I wonder how they're doing these days. These are good, hard working people....the ones who do the jobs that Americans won't do.
Yeah, the jobs Americans won't do. Nothing ticks me off more than hearing some politician say that. Construction isn't the kind of work that anyone ever thought of as a highly sought after career. But it is a satisfying job and I have known many people who have made very good livings in it. A good number become contractors and even developers. But a lot simply worked hard and became good enough to deserve and get above average wages.
All that is a much more difficult proposition these days. How do you support a family and buy some property on $10 ph? How can most young men hang in long enough to become contractors like that? Especially when many contracting companies are completely composed of illegal aliens including the owners.
I remember a friend's father advising me when I was about twenty that there were certain jobs/trades that would keep you employed anywhere in the world. The top three, in his opinion, were a cook, a carpenter and a plumber. It took me until I was 24 to get someone to hire me on as a carpenter's helper. No complaints; that's just the way it was. No one wanted to train someone new if they could help it.
That was the 70's on the Front Range of CO during a building boom. Even with that boom openings were hard to find and there weren't any illegals in the trades apart from maybe flatworkers. There were Americans, w/experience, from all parts of the country ready to fill those jobs. Guys from the depressed northeast, the depressed midwest and the depressed southeast thanks to Carter's malaise.
Now every trade is getting saturated with illegals and forget about being a cook in a restaurant. Or a dishwasher or in food prep which is what you have to do to get the experience to be a short order cook.

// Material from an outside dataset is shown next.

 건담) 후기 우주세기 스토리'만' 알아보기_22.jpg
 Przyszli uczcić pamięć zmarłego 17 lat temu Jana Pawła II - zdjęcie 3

There is the crux of it. The bottom rung jobs are the doors to moving up in the working world and illegals have been saturating the job market from the bottom up. There was an article last year about ag jobs not being filled because the illegals were making more in construction. So what is the answer to that? I suppose we need to find workers more desperate than Mexicans and Latin Americans. Ann is not using any hyperbole when she calls this "importing a slave class" and Bush and other Republicans are all for it.